Problem to solve: Set down exactly the lines below, starting at the one that contains "Foto langkah ke" and ending at the one that contains "Wendys | restaurant", with both of those lines included and nothing else.

Records to use:
——

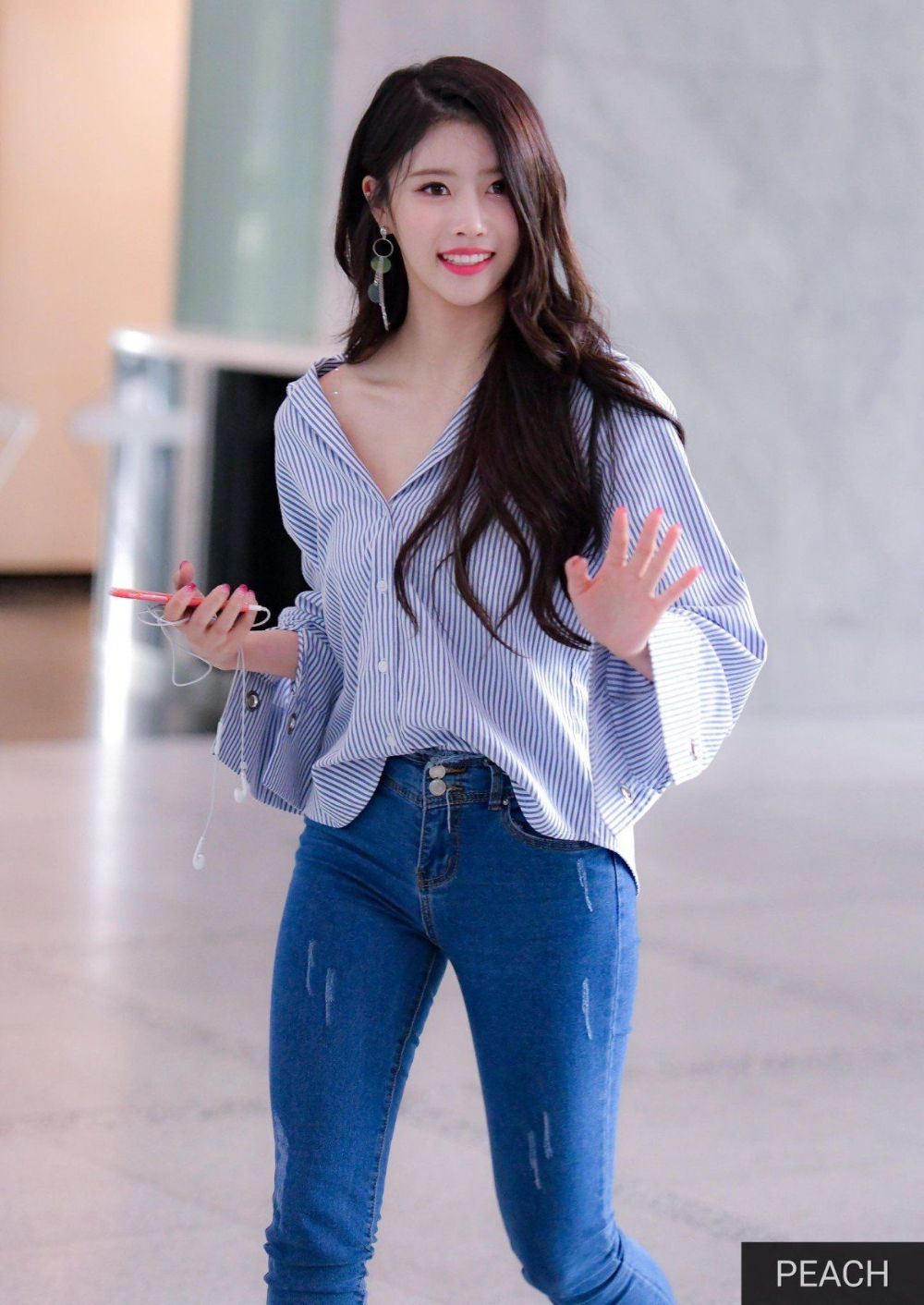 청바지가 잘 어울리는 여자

——

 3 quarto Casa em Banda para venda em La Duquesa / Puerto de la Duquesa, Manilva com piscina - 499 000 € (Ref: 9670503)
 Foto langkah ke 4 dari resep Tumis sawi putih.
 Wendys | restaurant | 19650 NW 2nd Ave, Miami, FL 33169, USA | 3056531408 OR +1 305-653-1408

——

Solved exercise:
 Foto langkah ke 4 dari resep Tumis sawi putih.
 Wendys | restaurant | 19650 NW 2nd Ave, Miami, FL 33169, USA | 3056531408 OR +1 305-653-1408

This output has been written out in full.